Expansion plans for the suburban rail?

There are extension plans for the suburban train system on the table, however no decision has been taken yet. Crossrail Glasgow is a railway project which would connect Glasgow Centraland Queen Street stations. One of the main weaknesses of the Glasgows suburban network is network is the fact that rail services from the South (which terminate at Central main line station) cannot bypass Glasgow city centre and connect to the northern railway network which terminates at Glasgow Queen Street station. Until today, passengers wishing to connect between both networks need to cross the city centre between Central and Queen Street by foot or road.

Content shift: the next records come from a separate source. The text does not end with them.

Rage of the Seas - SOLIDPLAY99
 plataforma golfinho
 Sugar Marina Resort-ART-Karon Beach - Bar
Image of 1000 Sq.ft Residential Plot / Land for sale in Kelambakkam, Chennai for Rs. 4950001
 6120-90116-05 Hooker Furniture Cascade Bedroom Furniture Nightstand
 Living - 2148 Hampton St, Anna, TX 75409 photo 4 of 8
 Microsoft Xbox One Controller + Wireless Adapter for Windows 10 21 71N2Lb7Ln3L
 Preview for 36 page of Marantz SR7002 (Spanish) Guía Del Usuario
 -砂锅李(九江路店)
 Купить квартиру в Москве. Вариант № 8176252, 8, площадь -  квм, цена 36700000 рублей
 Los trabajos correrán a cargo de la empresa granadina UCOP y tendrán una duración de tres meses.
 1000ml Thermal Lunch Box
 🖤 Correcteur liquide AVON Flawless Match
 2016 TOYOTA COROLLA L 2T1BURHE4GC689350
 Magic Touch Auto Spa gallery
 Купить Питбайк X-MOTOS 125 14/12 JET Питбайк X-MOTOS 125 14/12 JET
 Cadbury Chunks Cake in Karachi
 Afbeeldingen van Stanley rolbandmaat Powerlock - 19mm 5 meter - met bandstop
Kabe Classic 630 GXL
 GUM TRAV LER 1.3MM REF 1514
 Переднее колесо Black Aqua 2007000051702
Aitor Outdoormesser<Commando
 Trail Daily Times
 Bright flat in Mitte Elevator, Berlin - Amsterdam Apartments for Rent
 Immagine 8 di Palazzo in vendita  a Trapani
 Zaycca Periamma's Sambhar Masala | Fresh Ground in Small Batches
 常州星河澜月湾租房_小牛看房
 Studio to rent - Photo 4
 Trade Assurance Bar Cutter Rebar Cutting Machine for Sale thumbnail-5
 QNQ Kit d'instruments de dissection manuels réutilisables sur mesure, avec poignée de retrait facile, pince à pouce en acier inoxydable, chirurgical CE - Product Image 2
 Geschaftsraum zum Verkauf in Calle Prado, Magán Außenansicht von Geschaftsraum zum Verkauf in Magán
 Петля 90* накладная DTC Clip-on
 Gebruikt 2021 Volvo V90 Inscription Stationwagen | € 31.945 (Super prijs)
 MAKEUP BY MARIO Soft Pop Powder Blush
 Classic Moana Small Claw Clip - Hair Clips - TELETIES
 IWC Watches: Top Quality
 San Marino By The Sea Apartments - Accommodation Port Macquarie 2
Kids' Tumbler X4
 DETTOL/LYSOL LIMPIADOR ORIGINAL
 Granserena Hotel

Low Emission Zone and new buses

Scotland’s first Low Emission Zone (LEZ) came into effect in Glasgow city centre on 31 December 2018. Glasgow’s LEZ is being phased in and will only apply to local service buses in the beginning. This is the main reason why First, alongside other bus operators, is investing into new low-emission buses. LEZ will be fully implemented by 31 December 2022. From that point in time, vehicles entering the zone will have to meet specified exhaust emission standards.

Since the deregulation of bus services in the UK in 1986, there are four bus operators of which two, First and McGill’s, are the main operators for the city centre:

  • First Glasgow
  • McGill’s Bus Services
  • Stagecoach Glasgow
  • Glasgow Citybus

Bus operator First Glasgow has reached a milestone after investing over £30m in 150 new Alexander Dennis low emission buses in the last six months, with more investment to come. The buses are fitted with latest Euro 6 engines and equipped with the manufacturer’s low emission SmartPack technology. 96 Enviro400 double deckers have been allocated to four busy urban routes, while ten Enviro400 City double deckers are dedicated to the Glasgow Airport Express. The single deck fleet has also seen significant investment with 44 new Enviro200 buses.

Improving standards for its customers, all of the new buses have comfortable high-backed seats, USB charging sockets and provision for audio-visual next stop announcements. Customers on the Glasgow Airport Express additionally benefit from extra glazing, mood lighting, table seating and wireless phone charging. The new buses are fully compliant with Glasgow’s recently introduced Low Emission Zone and go beyond the mandated Euro 6 minimum by using the SmartPack efficient diesel technology developed by Alexander Dennis. It combines electric cooling fans, engine stop/start and auxiliary load management, which charges the alternator and compressor when the engine is in coast, to bring exhaust emissions down by over 15% against the Euro 6 baseline.

To advance safety, some of the new buses have been fitted with the SmartVision system which replaces traditional mirrors with high-definition digital cameras and displays mounted inside the cab for direct and clear visibility.

With a wider angle covered and automatic adjustment of screen brightness as well as digital image correction to compensator for lighting, shadows and glare, SmartVision not only provides a safety benefit but also reduces the risk of mirror damage or injury to passengers or pedestrians.

Having invested in 14 Mercedes Benz Euro 6 buses in 2014, McGill’s purchased ten brand new, low emission, buses from Mercedes Benz under a £2m and 26 Enviro buses from Alexander Dennis.